(Short descriptive text snippets)
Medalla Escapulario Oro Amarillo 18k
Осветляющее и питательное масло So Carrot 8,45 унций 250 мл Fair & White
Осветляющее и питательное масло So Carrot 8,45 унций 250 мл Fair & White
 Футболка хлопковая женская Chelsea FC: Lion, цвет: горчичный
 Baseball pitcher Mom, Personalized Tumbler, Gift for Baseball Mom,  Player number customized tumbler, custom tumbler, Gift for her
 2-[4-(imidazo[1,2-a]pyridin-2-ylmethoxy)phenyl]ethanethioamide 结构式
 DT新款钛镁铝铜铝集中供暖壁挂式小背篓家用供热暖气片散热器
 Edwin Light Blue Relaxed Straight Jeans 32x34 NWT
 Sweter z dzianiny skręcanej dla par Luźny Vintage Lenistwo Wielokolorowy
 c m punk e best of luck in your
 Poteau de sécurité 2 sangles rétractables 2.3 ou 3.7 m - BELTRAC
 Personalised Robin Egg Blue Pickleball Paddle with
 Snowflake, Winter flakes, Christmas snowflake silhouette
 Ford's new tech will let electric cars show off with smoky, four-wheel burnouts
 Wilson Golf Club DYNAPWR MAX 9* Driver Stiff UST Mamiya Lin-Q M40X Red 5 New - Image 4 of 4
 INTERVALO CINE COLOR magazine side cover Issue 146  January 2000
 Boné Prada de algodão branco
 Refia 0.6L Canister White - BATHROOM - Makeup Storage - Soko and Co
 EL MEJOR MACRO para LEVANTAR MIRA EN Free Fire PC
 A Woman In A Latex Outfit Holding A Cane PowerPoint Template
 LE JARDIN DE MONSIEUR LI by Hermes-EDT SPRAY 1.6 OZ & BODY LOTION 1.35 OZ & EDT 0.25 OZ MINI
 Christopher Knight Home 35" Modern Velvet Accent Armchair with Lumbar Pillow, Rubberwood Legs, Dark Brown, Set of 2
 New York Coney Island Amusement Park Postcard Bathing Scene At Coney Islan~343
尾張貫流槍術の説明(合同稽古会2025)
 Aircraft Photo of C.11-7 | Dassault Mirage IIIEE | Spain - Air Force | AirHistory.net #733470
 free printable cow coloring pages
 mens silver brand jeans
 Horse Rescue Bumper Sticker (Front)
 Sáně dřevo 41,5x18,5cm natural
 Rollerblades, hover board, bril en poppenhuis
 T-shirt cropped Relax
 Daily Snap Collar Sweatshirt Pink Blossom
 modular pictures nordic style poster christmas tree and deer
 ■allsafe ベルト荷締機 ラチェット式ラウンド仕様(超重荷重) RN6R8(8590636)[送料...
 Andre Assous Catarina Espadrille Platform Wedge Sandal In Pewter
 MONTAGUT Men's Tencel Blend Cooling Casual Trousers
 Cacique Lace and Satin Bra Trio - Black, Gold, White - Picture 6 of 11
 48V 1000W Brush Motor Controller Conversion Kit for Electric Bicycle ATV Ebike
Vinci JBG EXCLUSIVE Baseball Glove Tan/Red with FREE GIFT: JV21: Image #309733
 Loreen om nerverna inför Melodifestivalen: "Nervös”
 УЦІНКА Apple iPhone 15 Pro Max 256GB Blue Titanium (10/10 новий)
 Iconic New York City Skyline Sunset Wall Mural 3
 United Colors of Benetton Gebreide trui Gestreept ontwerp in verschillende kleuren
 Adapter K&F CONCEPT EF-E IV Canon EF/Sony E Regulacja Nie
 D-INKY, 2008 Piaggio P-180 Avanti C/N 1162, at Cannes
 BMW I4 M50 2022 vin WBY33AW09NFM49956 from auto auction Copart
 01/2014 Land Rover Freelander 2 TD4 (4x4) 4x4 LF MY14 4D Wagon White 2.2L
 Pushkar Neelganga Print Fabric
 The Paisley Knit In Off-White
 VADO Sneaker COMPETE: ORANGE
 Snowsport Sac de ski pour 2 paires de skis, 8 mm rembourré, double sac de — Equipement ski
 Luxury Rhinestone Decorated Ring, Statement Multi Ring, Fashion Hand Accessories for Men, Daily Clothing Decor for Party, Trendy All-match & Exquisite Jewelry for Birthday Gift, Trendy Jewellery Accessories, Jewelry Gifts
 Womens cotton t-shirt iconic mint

- Directions -
An exact copy is needed of the lines from the one containing "Andre Assous Catarina" through the end of the records.

- Problem solution -
 Andre Assous Catarina Espadrille Platform Wedge Sandal In Pewter
 MONTAGUT Men's Tencel Blend Cooling Casual Trousers
 Cacique Lace and Satin Bra Trio - Black, Gold, White - Picture 6 of 11
 48V 1000W Brush Motor Controller Conversion Kit for Electric Bicycle ATV Ebike
Vinci JBG EXCLUSIVE Baseball Glove Tan/Red with FREE GIFT: JV21: Image #309733
 Loreen om nerverna inför Melodifestivalen: "Nervös”
 УЦІНКА Apple iPhone 15 Pro Max 256GB Blue Titanium (10/10 новий)
 Iconic New York City Skyline Sunset Wall Mural 3
 United Colors of Benetton Gebreide trui Gestreept ontwerp in verschillende kleuren
 Adapter K&F CONCEPT EF-E IV Canon EF/Sony E Regulacja Nie
 D-INKY, 2008 Piaggio P-180 Avanti C/N 1162, at Cannes
 BMW I4 M50 2022 vin WBY33AW09NFM49956 from auto auction Copart
 01/2014 Land Rover Freelander 2 TD4 (4x4) 4x4 LF MY14 4D Wagon White 2.2L
 Pushkar Neelganga Print Fabric
 The Paisley Knit In Off-White
 VADO Sneaker COMPETE: ORANGE
 Snowsport Sac de ski pour 2 paires de skis, 8 mm rembourré, double sac de — Equipement ski
 Luxury Rhinestone Decorated Ring, Statement Multi Ring, Fashion Hand Accessories for Men, Daily Clothing Decor for Party, Trendy All-match & Exquisite Jewelry for Birthday Gift, Trendy Jewellery Accessories, Jewelry Gifts
 Womens cotton t-shirt iconic mint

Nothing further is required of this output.